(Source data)
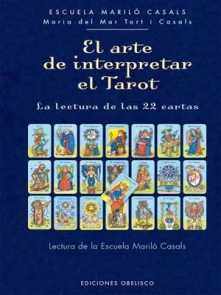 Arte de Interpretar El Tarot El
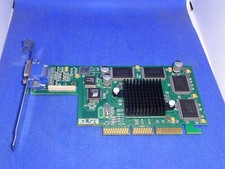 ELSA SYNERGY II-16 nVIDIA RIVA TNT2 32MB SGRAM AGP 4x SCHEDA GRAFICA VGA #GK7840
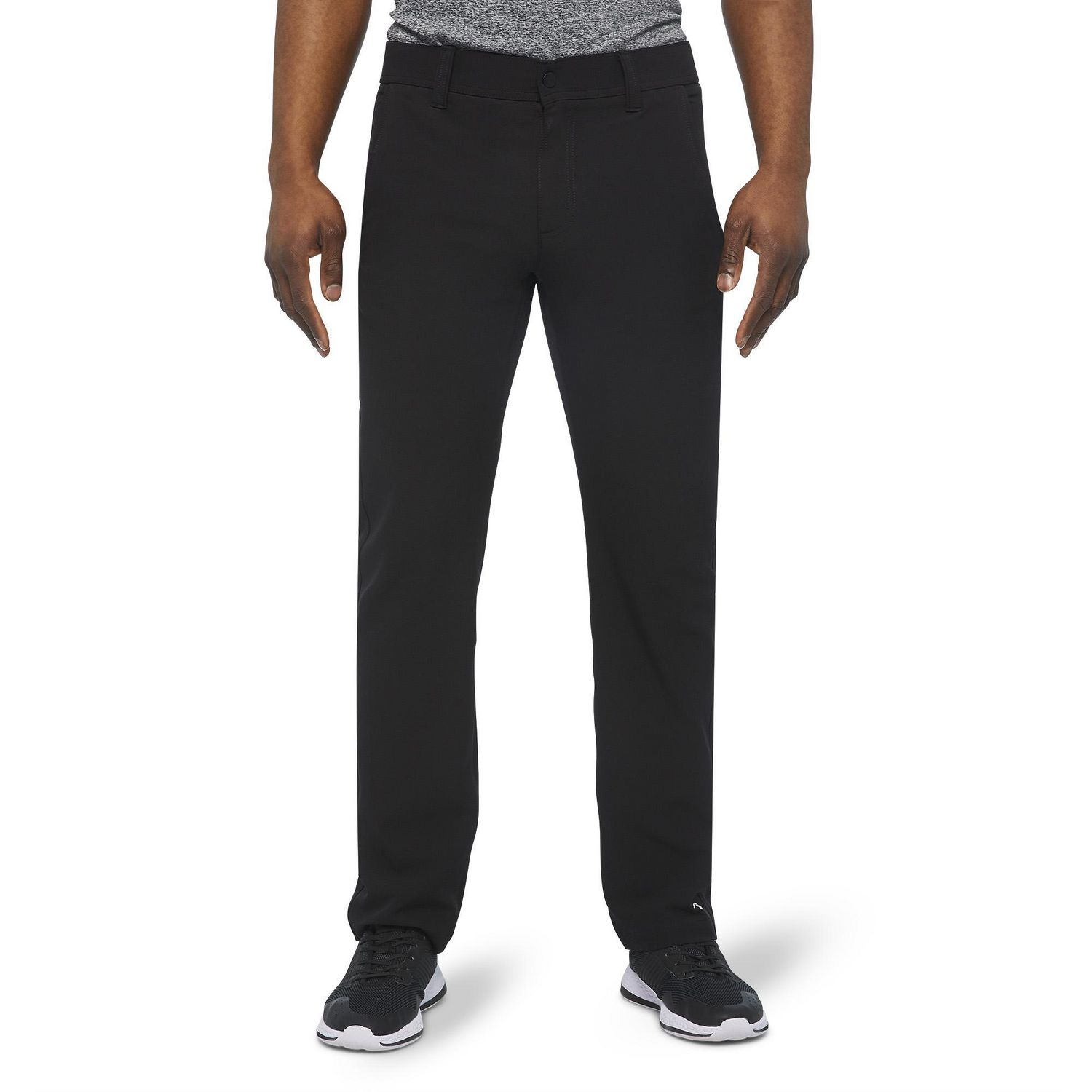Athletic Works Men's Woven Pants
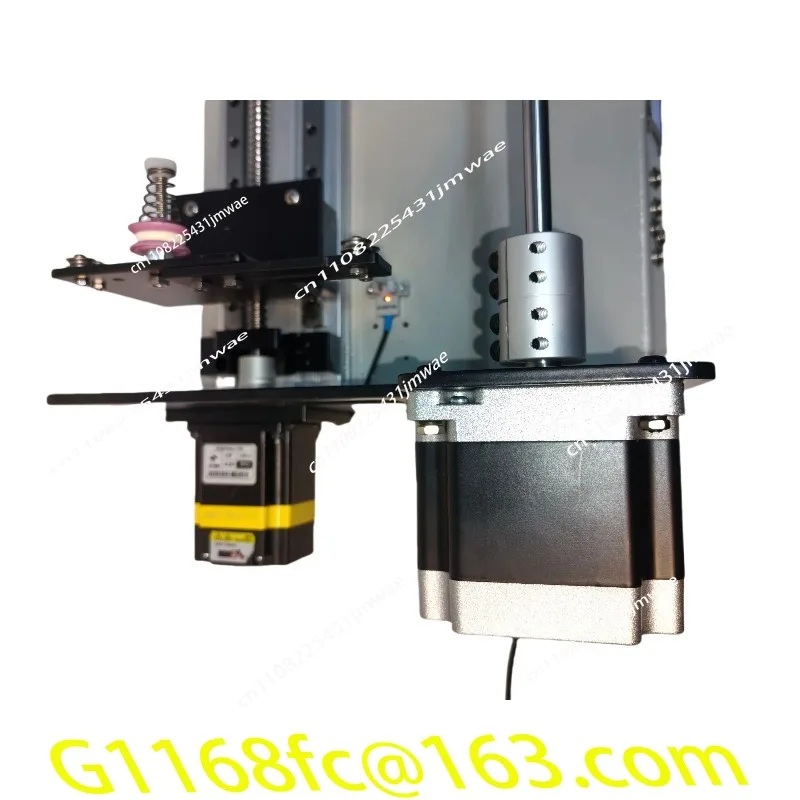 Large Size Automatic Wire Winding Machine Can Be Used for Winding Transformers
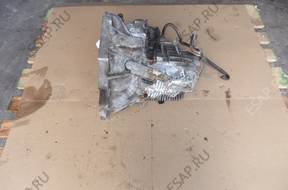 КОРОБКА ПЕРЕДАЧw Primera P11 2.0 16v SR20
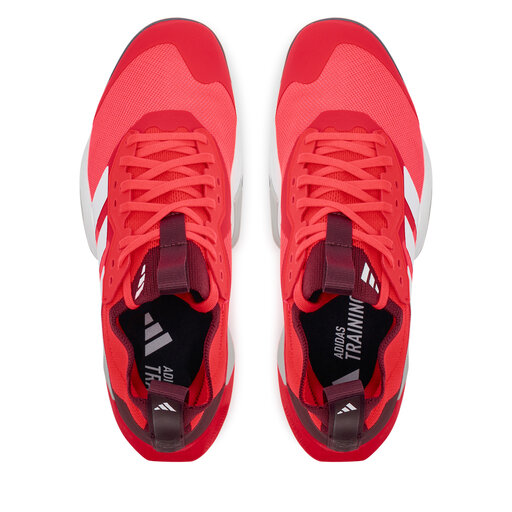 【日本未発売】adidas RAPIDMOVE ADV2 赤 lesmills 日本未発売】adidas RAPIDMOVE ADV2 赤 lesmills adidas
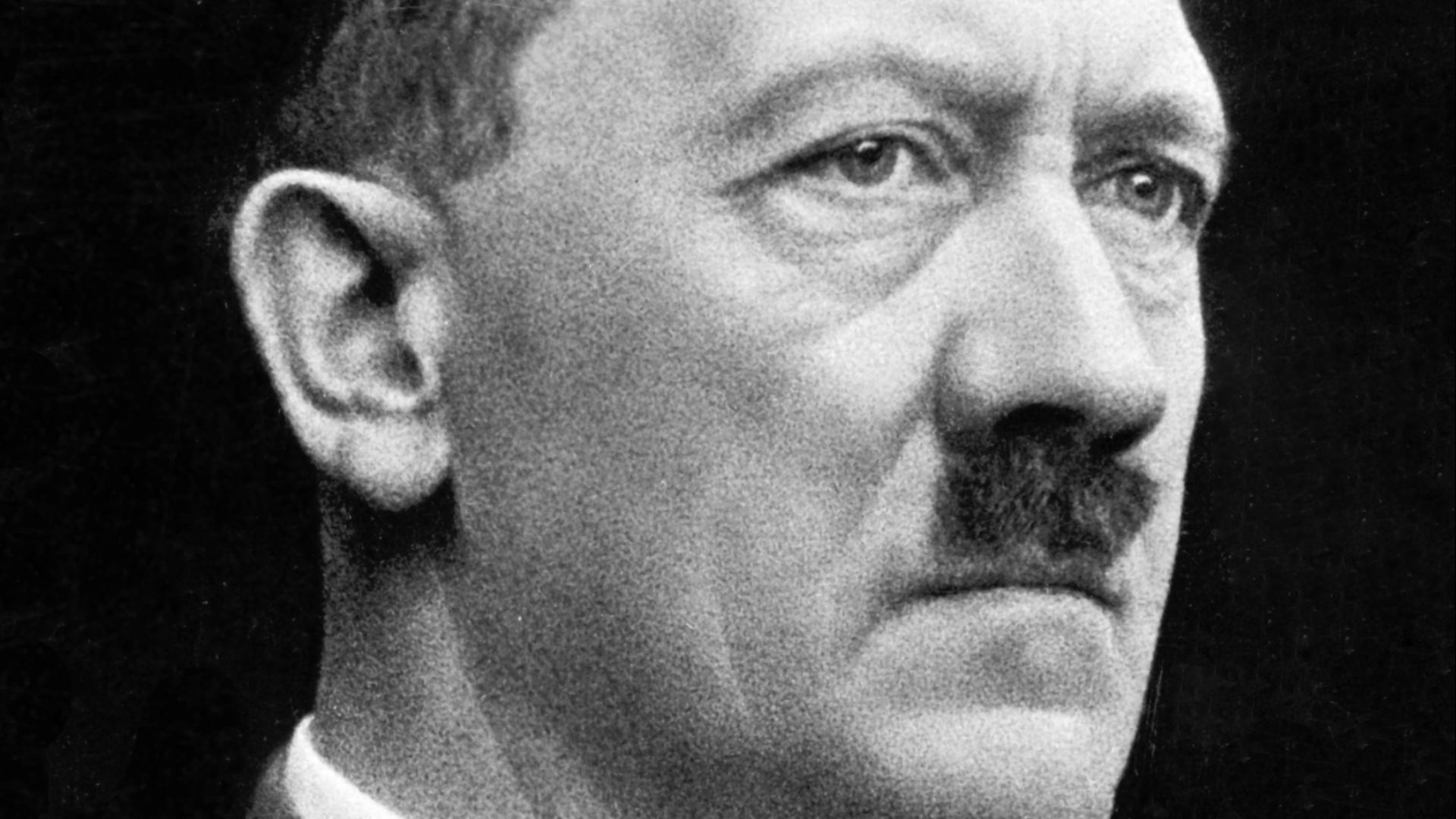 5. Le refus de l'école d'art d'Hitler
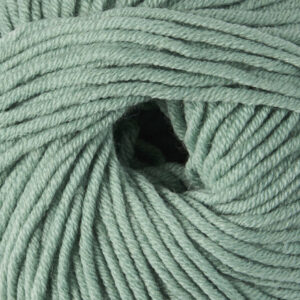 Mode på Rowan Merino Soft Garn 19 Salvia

**Task brief**
With the images omitted, output all entries exactly as given.

**Task response**
 Arte de Interpretar El Tarot El
 ELSA SYNERGY II-16 nVIDIA RIVA TNT2 32MB SGRAM AGP 4x SCHEDA GRAFICA VGA #GK7840
Athletic Works Men's Woven Pants
 Large Size Automatic Wire Winding Machine Can Be Used for Winding Transformers
 КОРОБКА ПЕРЕДАЧw Primera P11 2.0 16v SR20
 【日本未発売】adidas RAPIDMOVE ADV2 赤 lesmills 日本未発売】adidas RAPIDMOVE ADV2 赤 lesmills adidas
 5. Le refus de l'école d'art d'Hitler
 Mode på Rowan Merino Soft Garn 19 Salvia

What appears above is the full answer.